- _Task statement_: The lines to extract run from the first line of the material below to the line containing "Once you click", both included; leave the pictures behind.

- _Exercise data_:
=== Begin Enclosure ===
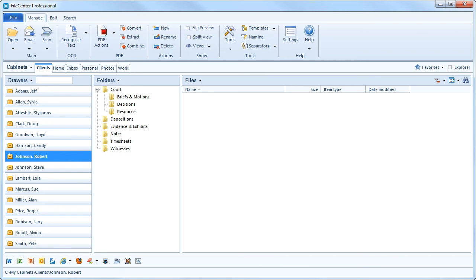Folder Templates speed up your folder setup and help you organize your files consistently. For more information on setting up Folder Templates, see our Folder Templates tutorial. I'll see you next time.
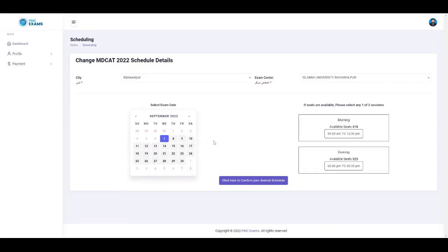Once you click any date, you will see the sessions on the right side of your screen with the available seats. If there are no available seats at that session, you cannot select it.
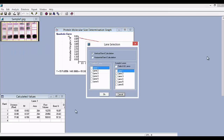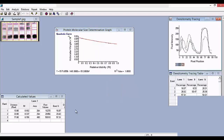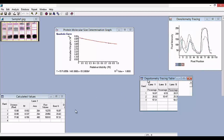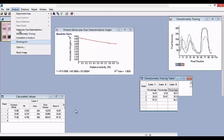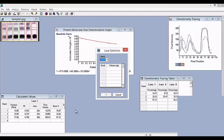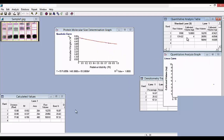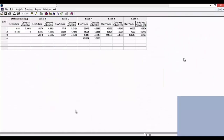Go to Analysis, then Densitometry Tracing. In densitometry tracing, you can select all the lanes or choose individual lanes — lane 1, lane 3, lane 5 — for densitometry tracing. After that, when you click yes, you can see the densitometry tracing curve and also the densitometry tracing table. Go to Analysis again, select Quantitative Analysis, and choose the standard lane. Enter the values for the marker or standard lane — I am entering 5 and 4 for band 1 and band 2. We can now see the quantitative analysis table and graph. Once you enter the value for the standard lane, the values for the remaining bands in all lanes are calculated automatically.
=== End Enclosure ===
- _Your response_:
Folder Templates speed up your folder setup and help you organize your files consistently. For more information on setting up Folder Templates, see our Folder Templates tutorial. I'll see you next time.
Once you click any date, you will see the sessions on the right side of your screen with the available seats. If there are no available seats at that session, you cannot select it.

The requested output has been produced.